# ABOUT THIS TASK
All pictures are to be dropped, and the remaining data set down exactly.

# Short web captions
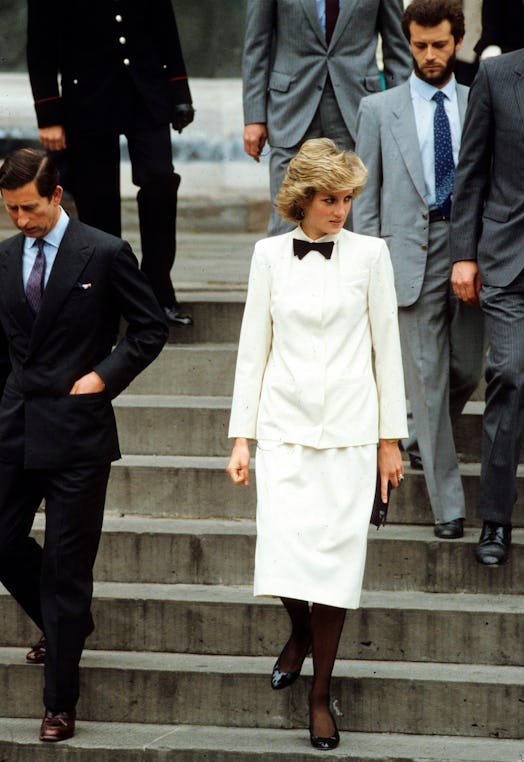 Prince Charles, Prince of Wales and Diana, Princess of Wales, wearing a white tuxedo suit with a bow...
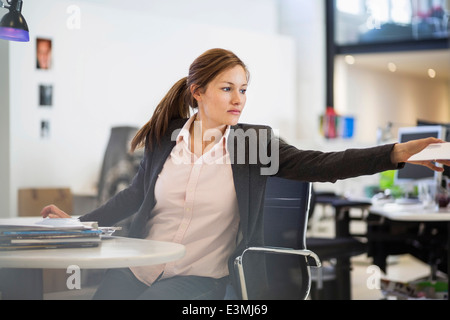Geschäftsfrau Einnahme Dokument am Schreibtisch im Büro Stockfoto
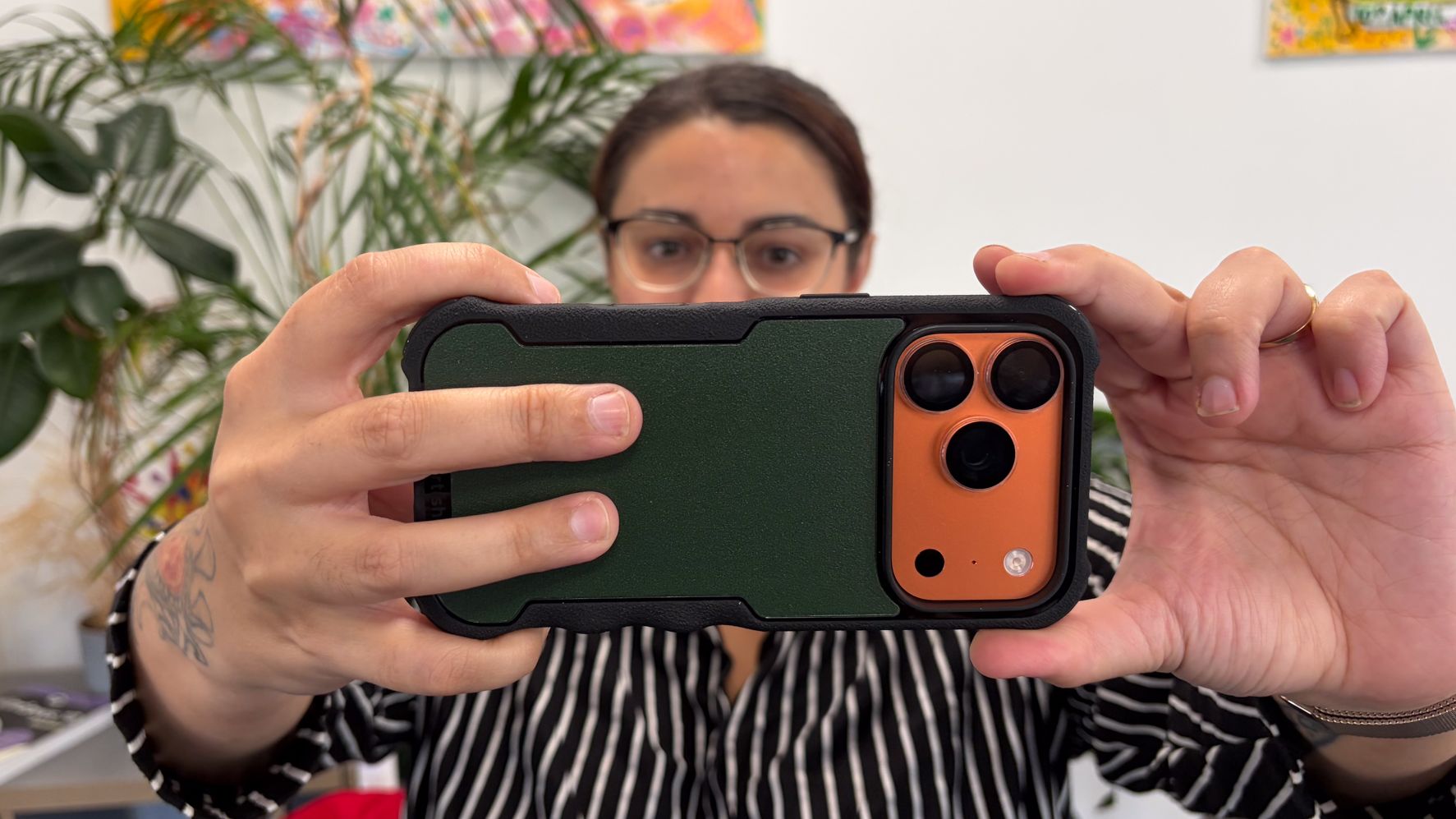 Person using an iPhone in a Smartish Gripzilla iPhone 18 Pro case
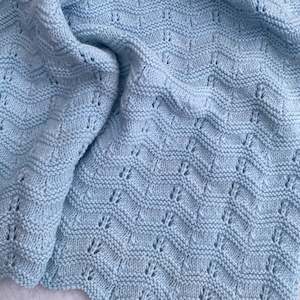 Blankets: "Waves" hand knit merino cot blanket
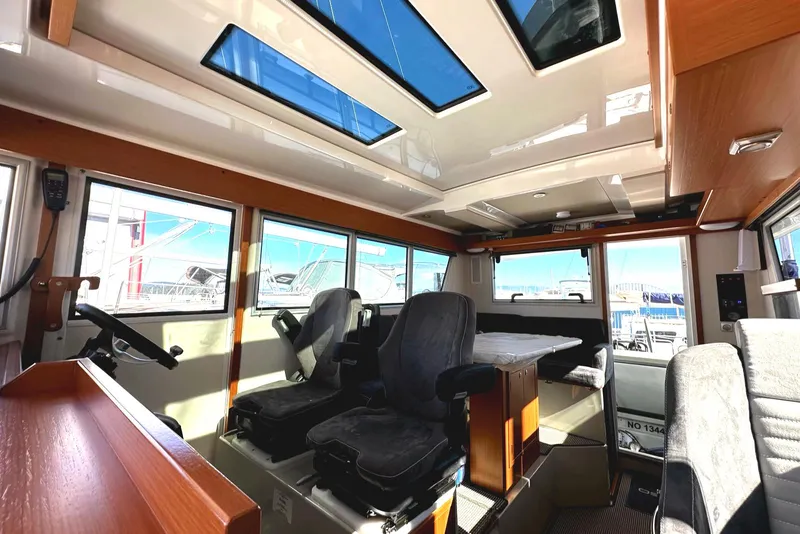 Slide: The Image of Interior of 2024 Sargo 36 Explorer boat with modern seating and large windows. - 48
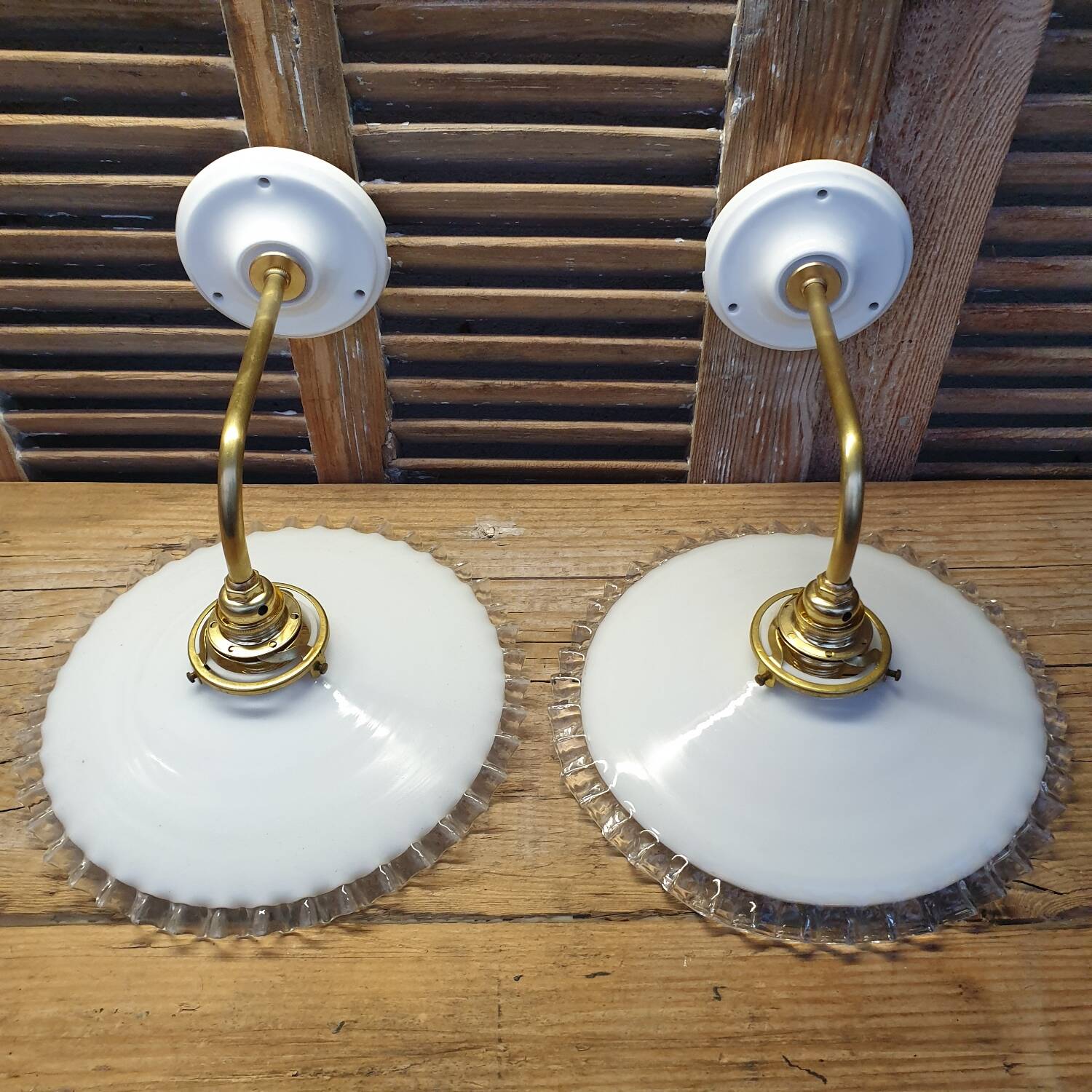 Pleated opaline swan neck wall lights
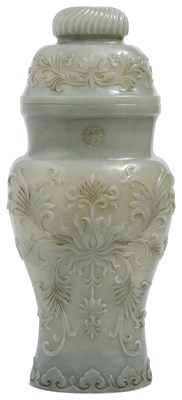 Lot 38 - A CHINESE MUGHAL-STYLE GREYISH-CELADON JADE 'LOTUS' VASE AND COVER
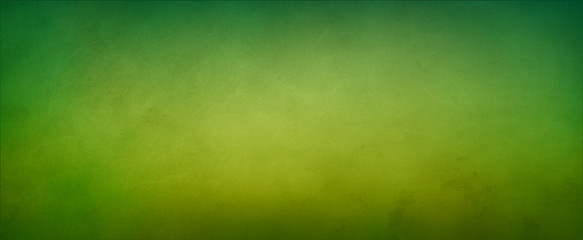 Abstract yellow green background with soft bright gold center glowing with light colors and dark blue green border with blurred mottled texture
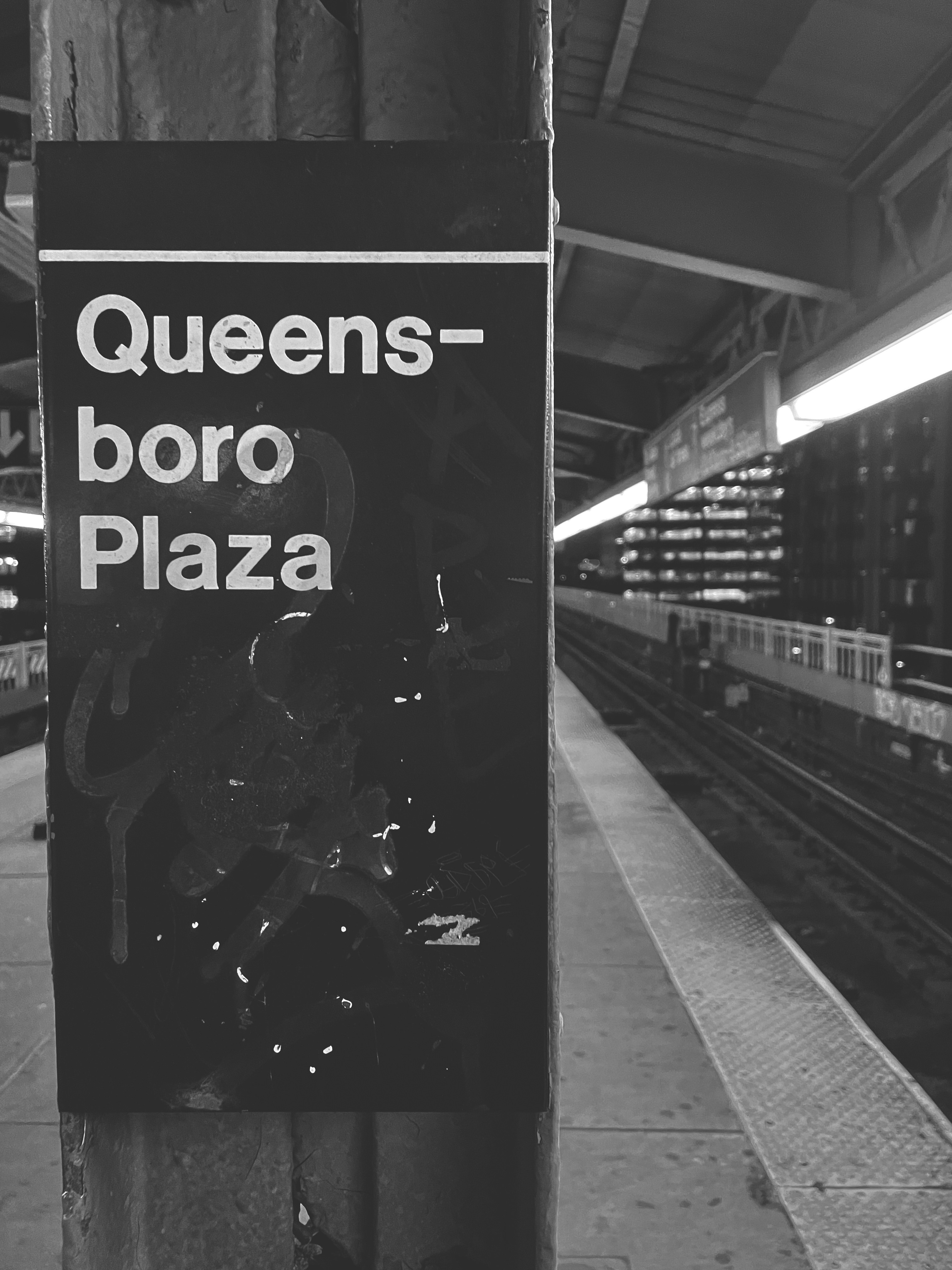 a sign on a train platform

# OUTPUT FOR THIS TASK
 Prince Charles, Prince of Wales and Diana, Princess of Wales, wearing a white tuxedo suit with a bow...
Geschäftsfrau Einnahme Dokument am Schreibtisch im Büro Stockfoto
 Person using an iPhone in a Smartish Gripzilla iPhone 18 Pro case
 Blankets: "Waves" hand knit merino cot blanket
 Slide: The Image of Interior of 2024 Sargo 36 Explorer boat with modern seating and large windows. - 48
 Pleated opaline swan neck wall lights
 Lot 38 - A CHINESE MUGHAL-STYLE GREYISH-CELADON JADE 'LOTUS' VASE AND COVER
 Abstract yellow green background with soft bright gold center glowing with light colors and dark blue green border with blurred mottled texture
 a sign on a train platform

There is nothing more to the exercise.